Это в молодые годы Никита Михалков, завороженный компанией своего старшего брата Андрона, благоговеющий перед Андреем Тарковским, снимал фильмы для интеллигенции – для той публики, что была сформирована в 60-е годы новой оттепельной волной. Конечно, вкусы были разные – пока Тарковский снимал «Сталкера», Михалков выпускал «Обломова», но обе картины смотрели примерно одни и те же зрители.

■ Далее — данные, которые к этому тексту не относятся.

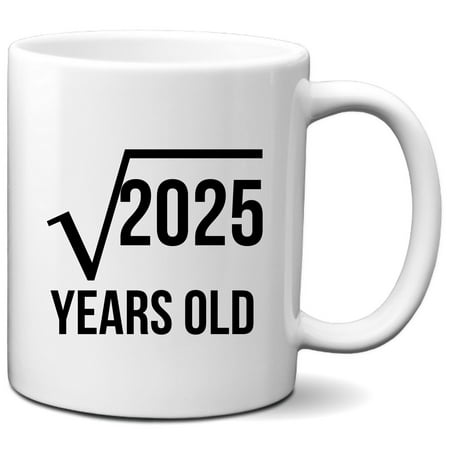 

Funny 45th Birthday Mug - 45 Years Old Square Root Math Coffee Mug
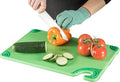 San Jamar Saf-T-Grip Cutting Board with Food Safety Hook for Kitchen, Restaurants, and Fast Food, Plastic, 18 x 24 x 0.5 Inches, Green, (Pack of 6)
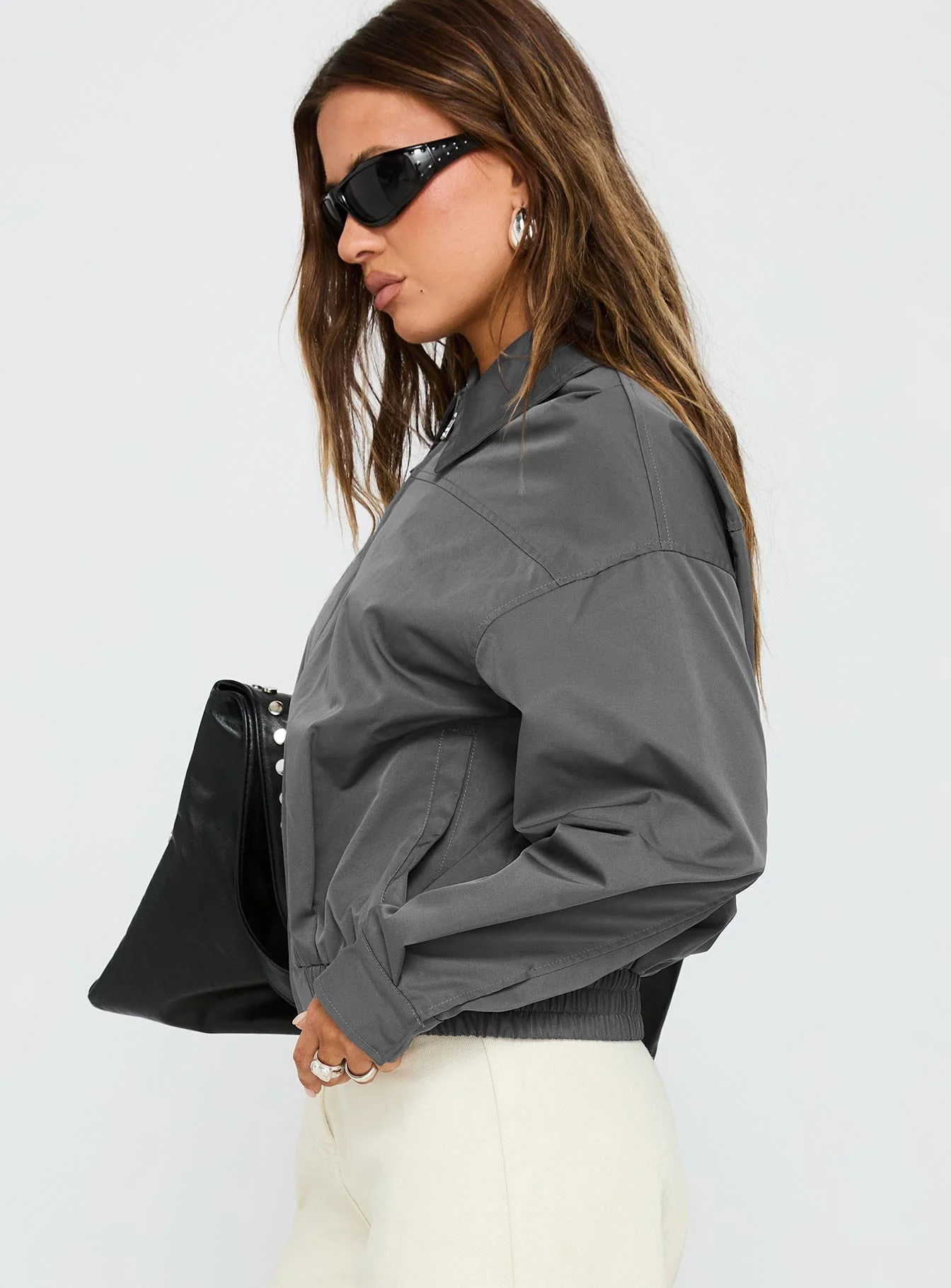 Call You Up Bomber Jacket Charcoal - Image 4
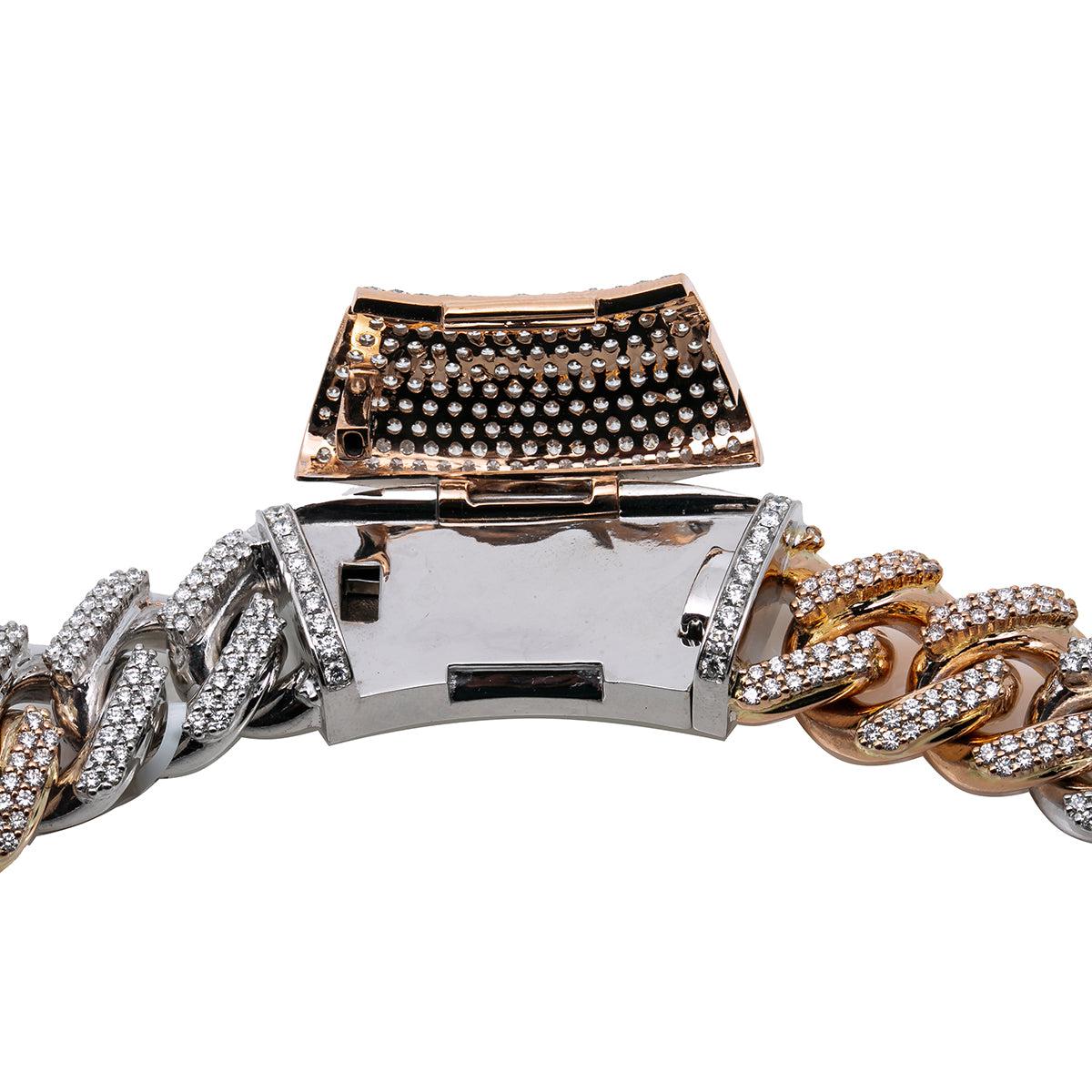 14K GOLD TWO TONE CUBAN CHAIN 25.62 CT DIAMONDS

Несмотря на кажущуюся доступность стилистики его фильмов, у Михалкова никогда не было такого широкого проката, как у Гайдая или Митты, до сборов «Калины красной» или «Служебного романа» ему было далеко. Но зато
интеллигенция Михалкова очень любила. Его фильмы были удачным переходом от чистого авторского кино к мейнстриму.
Как раз многие из тех, кому Тарковский казался скучноватым, расцветали от сгущенного ретро, чуть преувеличенной, как в романсах, чувственности, от замечательно яркой и точной игры актеров. Для этой аудитории Михалков и снимал свои лучшие картины — в семидесятые, в эпоху, когда общественное мнение формировали тихие очкарики с книжками, чего в истории страны не было ни до, ни после.
Но времена поменялись, советская интеллигенция слилась под напором новых русских граждан, и Михалков начал завоевание другой публики. Поначалу он очень хотел покорить мир, и мир, казалось, вот-вот прогнется, однако, несмотря на достойные награды, ни «Очи черные» (1987, приз за лучшую роль для Мастроянни в Каннах), ни «Урга» (1989, «Золотой лев» в Венеции), ни «Утомленные солнцем» (1994, «Оскар» за фильм на иностранном языке) не удовлетворили полностью амбиций режиссера, не вывели его за пределы круга региональных талантов, не позволили войти в высшую мировую лигу кино.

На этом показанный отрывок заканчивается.